I am currently reading the first chapter on the general theory of stochastic processes in "Limit Theorems for Stochastic Processes" by Jacod and Shiryaev. On page 41 they state the following:
4.13 Lemma: c) Let $M$, $N$ be two orthogonal local martingales. For all stopping times $S$, $T$, the stopped local martingales $M^S$ and $N^T$ are orthogonal.
The definition of orthogonality they provide on page 40 is the following:
Definition: Two local martingales $M$ and $N$ are called orthogonal if their product $MN$ is a local martingale.
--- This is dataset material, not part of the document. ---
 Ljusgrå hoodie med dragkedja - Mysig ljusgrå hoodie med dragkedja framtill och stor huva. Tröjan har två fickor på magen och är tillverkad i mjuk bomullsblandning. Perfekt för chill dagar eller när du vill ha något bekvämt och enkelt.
The proof goes as follows: They reduce to the case where $T=\infty$. Then by localization, we can find a sequence of stopping times $(T_n)$ such that $M^{T_n}, N^{T_n}, (MN)^{T_n}$ are all martingales. Then for a stopping time $R$, they write
\begin{align} E[(M^S N)^{T_n}_R] &= E[(MN)^{T_n}_{R \land S}] + E[M^{T_n}_S (N^{T_n}_R - N^{T_n}_S)1_{S < R}] \\ &=E[M_0 N_0] + E[M^{T_n}_S 1_{S < R} E[N^{T_n}_R-N^{T_n}_S |\mathcal{F}_S] = E[M_0 N_0] \end{align}
where in the second step they use the stopping theorem and another characterisation of being a martingale (1.44 Lemma, I can provide further details if needed).
But the only part I do not understand, is why in the first expectation, $(M^S N)^{T_n}_R$ is even integrable? Since we only know integrability of the processes $M^{T_n}, N^{T_n}, (MN)^{T_n}$. Does anyone know what the reasoning behind the integrability is?
Thanks a lot in advance!